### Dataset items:
- - - - - - -

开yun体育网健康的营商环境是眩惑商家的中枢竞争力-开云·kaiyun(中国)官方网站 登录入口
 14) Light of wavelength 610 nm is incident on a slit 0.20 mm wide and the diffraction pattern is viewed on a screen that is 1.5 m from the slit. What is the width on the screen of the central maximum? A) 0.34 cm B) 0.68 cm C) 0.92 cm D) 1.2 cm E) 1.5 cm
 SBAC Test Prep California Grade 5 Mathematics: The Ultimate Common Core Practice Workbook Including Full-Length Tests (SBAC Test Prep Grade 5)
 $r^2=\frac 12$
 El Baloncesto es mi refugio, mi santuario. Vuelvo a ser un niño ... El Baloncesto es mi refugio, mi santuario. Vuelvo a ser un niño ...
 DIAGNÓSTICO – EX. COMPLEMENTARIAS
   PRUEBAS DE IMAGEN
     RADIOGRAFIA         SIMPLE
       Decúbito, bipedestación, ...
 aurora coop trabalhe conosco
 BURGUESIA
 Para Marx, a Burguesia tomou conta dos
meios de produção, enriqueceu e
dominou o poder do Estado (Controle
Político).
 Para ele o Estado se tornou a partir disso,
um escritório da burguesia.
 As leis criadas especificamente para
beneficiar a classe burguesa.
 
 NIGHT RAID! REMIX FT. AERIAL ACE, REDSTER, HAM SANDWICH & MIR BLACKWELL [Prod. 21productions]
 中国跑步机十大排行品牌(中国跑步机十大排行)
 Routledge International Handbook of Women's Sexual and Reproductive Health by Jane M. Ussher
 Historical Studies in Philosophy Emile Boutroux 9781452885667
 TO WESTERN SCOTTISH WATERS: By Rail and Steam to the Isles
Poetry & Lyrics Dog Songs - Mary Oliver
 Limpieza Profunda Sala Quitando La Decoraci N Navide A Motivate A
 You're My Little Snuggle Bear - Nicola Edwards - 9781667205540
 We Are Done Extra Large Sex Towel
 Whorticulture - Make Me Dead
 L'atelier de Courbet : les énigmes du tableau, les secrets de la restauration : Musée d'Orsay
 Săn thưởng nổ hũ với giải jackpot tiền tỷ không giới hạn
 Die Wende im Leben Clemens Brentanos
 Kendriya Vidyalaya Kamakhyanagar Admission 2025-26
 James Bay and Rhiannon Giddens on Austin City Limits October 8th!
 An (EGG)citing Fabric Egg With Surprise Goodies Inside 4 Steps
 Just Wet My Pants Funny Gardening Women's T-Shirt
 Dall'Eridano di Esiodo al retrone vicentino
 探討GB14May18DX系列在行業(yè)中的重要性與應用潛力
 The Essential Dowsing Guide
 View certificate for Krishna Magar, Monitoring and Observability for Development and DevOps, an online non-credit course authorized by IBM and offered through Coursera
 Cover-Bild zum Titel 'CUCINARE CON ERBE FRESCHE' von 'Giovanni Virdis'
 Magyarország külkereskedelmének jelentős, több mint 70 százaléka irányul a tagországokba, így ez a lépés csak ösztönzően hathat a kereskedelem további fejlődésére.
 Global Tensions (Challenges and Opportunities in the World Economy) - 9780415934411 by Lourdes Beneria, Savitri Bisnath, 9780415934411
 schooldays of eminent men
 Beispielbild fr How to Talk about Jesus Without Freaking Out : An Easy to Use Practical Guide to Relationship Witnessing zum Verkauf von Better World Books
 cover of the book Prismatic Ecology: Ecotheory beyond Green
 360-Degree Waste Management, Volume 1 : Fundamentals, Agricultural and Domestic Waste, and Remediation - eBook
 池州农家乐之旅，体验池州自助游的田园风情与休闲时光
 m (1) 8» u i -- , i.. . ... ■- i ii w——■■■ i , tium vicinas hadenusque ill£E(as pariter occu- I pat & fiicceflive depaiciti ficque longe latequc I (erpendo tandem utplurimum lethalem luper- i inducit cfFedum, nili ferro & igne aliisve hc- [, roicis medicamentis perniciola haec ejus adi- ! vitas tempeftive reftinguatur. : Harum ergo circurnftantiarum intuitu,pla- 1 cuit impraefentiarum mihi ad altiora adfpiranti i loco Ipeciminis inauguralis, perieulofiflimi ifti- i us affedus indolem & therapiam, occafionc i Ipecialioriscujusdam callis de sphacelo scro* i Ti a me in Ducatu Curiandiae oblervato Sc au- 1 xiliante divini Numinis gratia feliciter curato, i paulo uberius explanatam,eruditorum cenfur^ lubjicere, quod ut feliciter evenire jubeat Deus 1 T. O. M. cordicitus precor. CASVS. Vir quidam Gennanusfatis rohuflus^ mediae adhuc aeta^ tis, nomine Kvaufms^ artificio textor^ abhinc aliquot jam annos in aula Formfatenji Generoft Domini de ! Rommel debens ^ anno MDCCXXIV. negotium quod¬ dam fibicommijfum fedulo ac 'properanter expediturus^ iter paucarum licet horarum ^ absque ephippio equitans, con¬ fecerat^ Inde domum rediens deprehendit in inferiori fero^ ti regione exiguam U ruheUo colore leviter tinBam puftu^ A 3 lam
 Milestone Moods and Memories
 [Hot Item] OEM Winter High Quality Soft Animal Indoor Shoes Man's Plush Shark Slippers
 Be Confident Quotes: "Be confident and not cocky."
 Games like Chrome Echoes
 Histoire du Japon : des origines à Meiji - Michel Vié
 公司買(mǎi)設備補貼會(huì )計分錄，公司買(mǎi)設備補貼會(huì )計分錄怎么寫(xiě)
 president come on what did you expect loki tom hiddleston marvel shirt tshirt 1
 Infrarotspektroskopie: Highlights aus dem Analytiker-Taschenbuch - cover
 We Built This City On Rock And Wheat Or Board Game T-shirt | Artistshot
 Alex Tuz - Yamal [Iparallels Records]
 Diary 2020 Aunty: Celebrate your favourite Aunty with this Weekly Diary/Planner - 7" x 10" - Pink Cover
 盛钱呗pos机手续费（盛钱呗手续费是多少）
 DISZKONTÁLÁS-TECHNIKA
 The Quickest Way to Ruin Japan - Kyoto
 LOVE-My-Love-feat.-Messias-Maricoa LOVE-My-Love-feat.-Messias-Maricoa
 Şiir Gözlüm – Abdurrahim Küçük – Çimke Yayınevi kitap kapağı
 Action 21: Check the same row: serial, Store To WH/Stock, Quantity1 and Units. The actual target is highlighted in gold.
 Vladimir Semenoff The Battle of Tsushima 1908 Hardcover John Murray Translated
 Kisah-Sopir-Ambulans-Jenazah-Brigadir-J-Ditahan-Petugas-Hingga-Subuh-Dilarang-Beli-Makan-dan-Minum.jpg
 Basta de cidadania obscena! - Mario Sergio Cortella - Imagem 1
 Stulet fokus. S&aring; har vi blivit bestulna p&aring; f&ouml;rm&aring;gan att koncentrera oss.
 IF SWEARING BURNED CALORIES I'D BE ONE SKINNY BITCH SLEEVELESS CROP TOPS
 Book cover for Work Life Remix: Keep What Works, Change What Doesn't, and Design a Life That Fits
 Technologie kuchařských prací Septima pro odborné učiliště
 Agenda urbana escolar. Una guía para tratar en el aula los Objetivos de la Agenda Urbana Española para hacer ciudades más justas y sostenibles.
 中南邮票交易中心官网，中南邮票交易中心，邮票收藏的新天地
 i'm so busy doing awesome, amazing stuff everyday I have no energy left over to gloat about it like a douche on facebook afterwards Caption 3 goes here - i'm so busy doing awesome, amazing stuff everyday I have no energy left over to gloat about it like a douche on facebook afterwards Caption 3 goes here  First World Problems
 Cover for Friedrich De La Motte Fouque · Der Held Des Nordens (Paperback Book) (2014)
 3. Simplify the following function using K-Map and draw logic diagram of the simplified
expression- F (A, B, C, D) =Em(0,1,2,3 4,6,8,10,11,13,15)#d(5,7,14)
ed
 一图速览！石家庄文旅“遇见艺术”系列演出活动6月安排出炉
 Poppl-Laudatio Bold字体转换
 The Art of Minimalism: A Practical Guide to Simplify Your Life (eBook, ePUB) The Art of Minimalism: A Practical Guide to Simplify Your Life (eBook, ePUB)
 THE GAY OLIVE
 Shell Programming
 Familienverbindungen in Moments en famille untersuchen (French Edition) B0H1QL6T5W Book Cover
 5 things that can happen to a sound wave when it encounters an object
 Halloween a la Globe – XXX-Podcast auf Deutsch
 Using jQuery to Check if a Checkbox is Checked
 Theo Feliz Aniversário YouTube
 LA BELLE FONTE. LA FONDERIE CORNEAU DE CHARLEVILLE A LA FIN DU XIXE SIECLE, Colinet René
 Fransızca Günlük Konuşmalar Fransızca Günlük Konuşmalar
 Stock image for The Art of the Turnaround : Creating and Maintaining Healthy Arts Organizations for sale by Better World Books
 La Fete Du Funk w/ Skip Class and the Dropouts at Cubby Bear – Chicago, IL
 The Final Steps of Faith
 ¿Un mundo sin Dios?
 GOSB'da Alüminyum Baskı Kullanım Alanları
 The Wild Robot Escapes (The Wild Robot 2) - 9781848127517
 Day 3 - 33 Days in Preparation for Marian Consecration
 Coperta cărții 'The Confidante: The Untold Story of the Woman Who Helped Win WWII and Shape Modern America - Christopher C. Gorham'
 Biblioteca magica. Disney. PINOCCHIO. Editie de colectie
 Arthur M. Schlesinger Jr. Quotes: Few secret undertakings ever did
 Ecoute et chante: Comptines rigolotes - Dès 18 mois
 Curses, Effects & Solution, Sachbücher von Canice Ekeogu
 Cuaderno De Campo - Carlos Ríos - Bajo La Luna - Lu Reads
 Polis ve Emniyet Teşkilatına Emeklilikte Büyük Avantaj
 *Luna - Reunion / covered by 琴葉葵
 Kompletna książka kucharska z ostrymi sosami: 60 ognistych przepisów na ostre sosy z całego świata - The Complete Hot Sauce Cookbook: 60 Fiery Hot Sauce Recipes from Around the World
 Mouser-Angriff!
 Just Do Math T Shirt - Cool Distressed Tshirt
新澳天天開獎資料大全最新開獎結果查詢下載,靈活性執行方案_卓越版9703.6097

- - - - - - -

Reproduce only the lines above spanning from the line containing "Global Tensions (Challenges" through the line containing "池州农家乐之旅，体验池州自助游的田园风情与休闲时光", word for word.

 Global Tensions (Challenges and Opportunities in the World Economy) - 9780415934411 by Lourdes Beneria, Savitri Bisnath, 9780415934411
 schooldays of eminent men
 Beispielbild fr How to Talk about Jesus Without Freaking Out : An Easy to Use Practical Guide to Relationship Witnessing zum Verkauf von Better World Books
 cover of the book Prismatic Ecology: Ecotheory beyond Green
 360-Degree Waste Management, Volume 1 : Fundamentals, Agricultural and Domestic Waste, and Remediation - eBook
 池州农家乐之旅，体验池州自助游的田园风情与休闲时光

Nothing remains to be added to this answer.